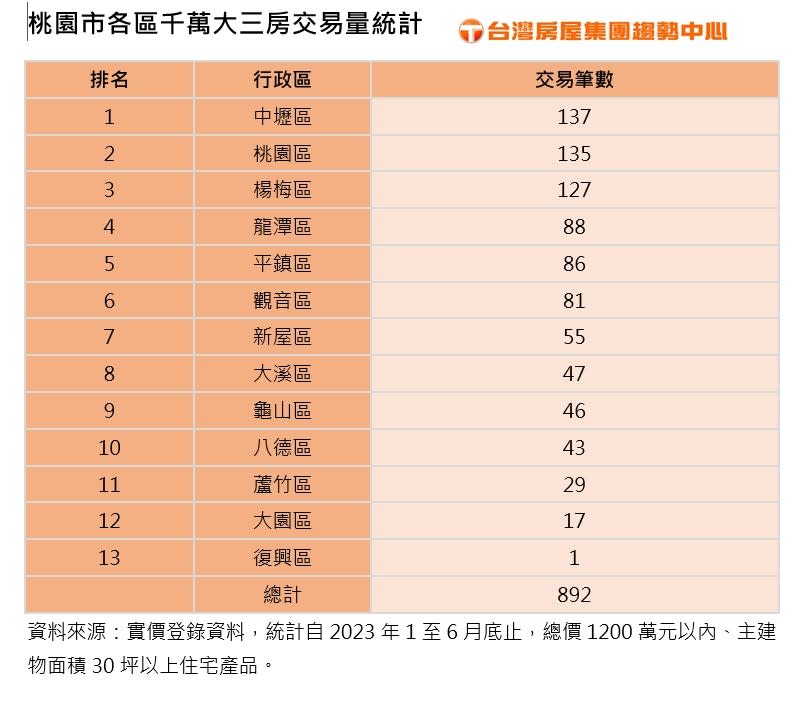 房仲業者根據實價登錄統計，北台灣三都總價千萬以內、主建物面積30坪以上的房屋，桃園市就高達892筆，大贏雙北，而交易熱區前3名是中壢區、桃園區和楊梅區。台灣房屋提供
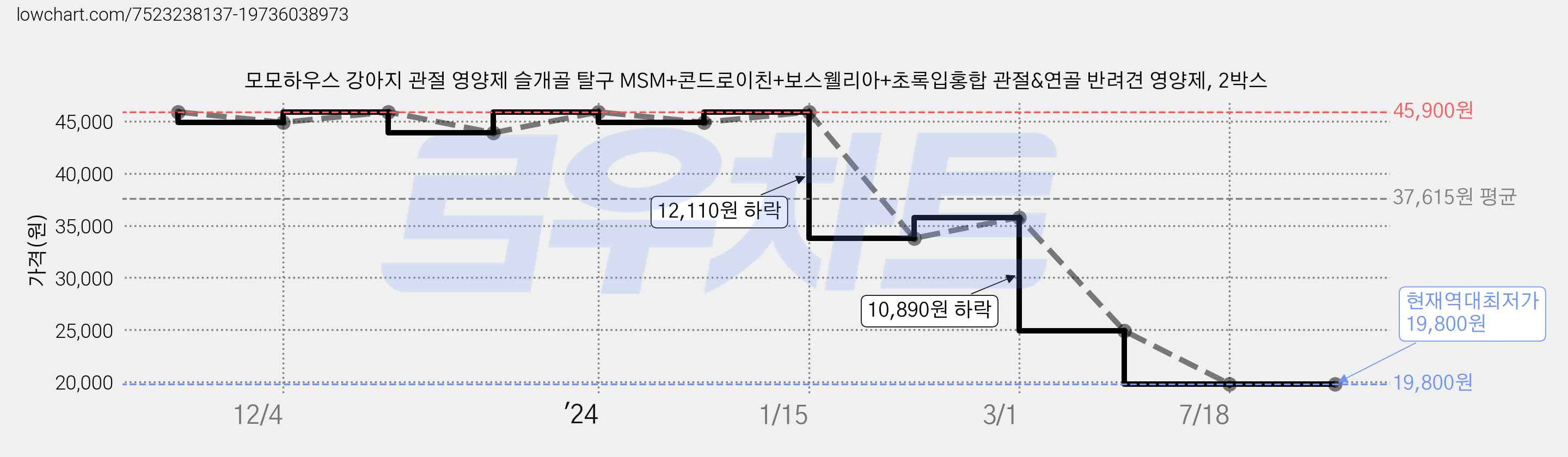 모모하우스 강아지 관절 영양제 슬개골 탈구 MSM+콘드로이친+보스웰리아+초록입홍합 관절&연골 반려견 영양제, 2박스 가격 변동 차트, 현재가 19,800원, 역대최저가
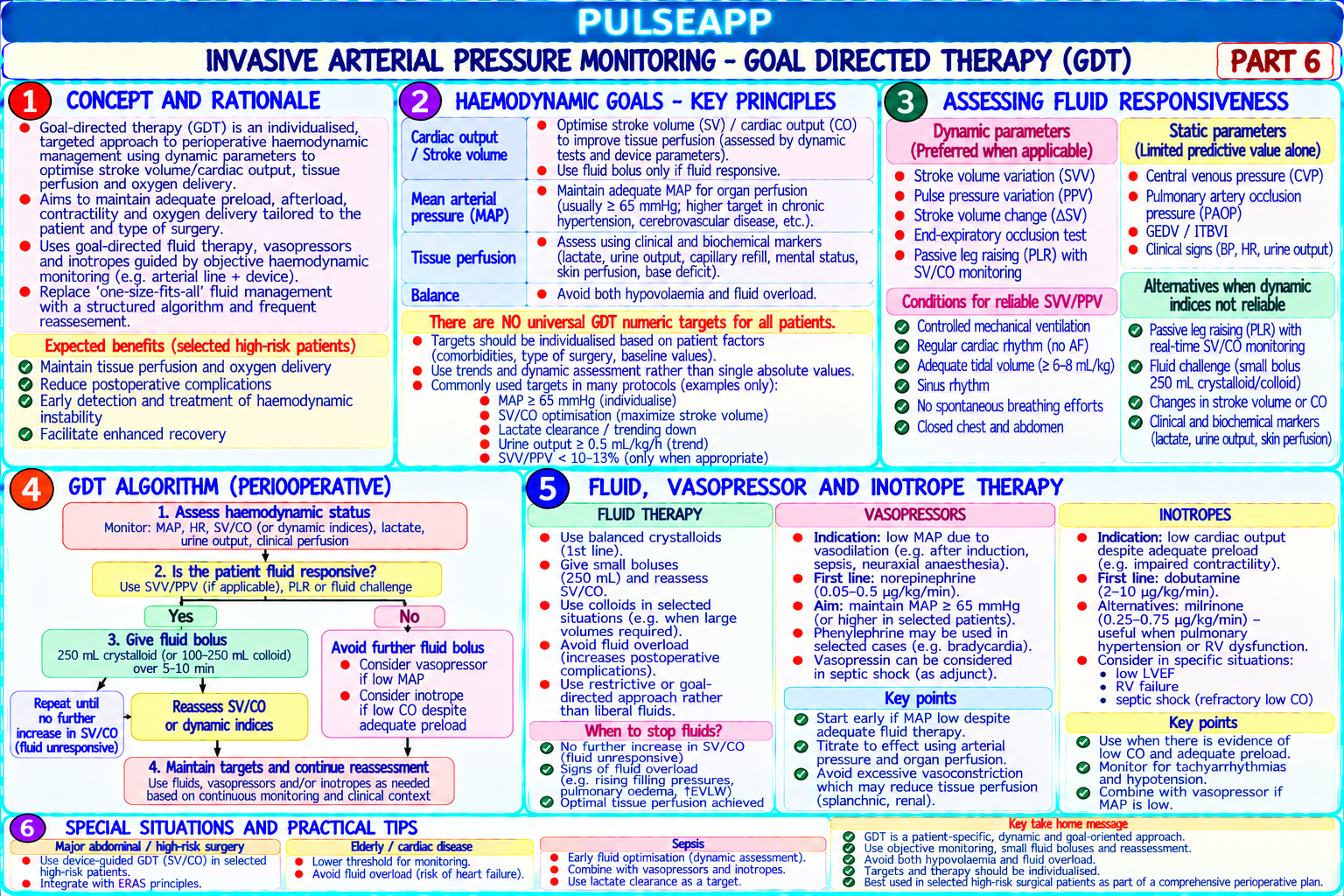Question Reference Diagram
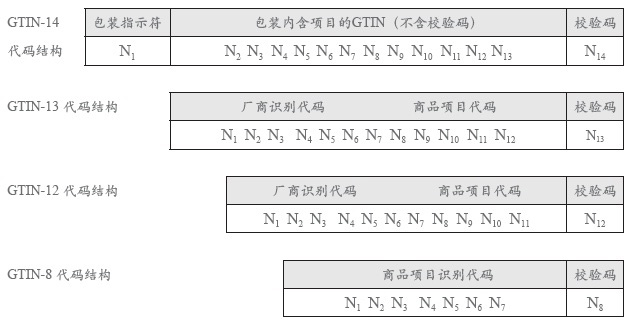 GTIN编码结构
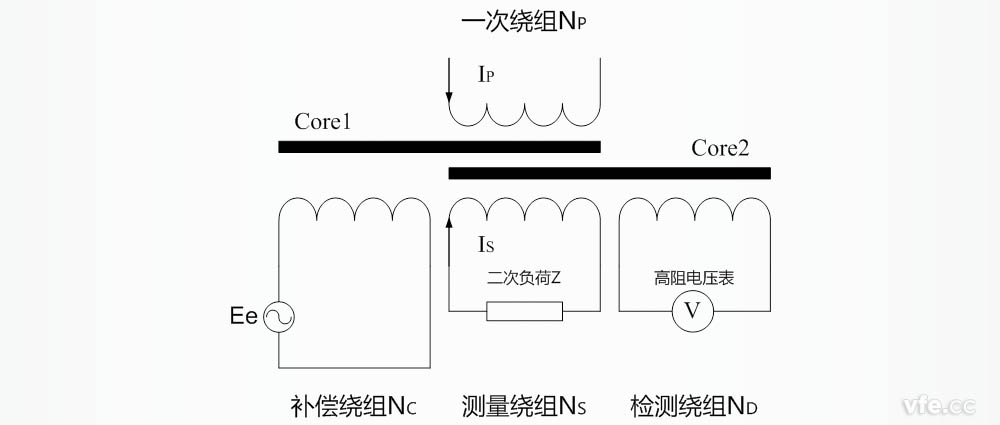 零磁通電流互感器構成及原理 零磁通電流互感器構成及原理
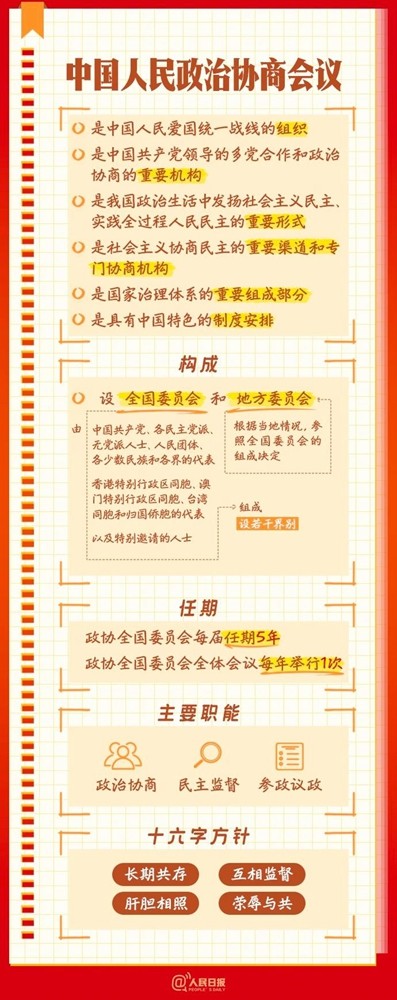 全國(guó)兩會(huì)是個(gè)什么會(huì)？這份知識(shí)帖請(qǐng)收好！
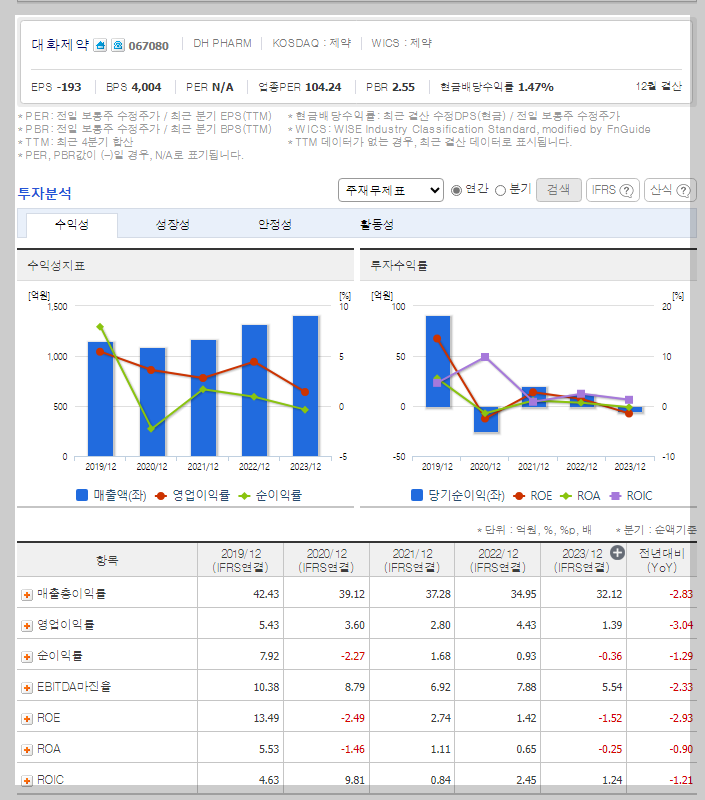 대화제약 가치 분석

***

▶ [Problem details]
Write out the records above exactly. Pictures do not belong in the copy.

▶ [Response to the task]
 房仲業者根據實價登錄統計，北台灣三都總價千萬以內、主建物面積30坪以上的房屋，桃園市就高達892筆，大贏雙北，而交易熱區前3名是中壢區、桃園區和楊梅區。台灣房屋提供
 모모하우스 강아지 관절 영양제 슬개골 탈구 MSM+콘드로이친+보스웰리아+초록입홍합 관절&연골 반려견 영양제, 2박스 가격 변동 차트, 현재가 19,800원, 역대최저가
Question Reference Diagram
 GTIN编码结构
 零磁通電流互感器構成及原理 零磁通電流互感器構成及原理
 全國(guó)兩會(huì)是個(gè)什么會(huì)？這份知識(shí)帖請(qǐng)收好！
 대화제약 가치 분석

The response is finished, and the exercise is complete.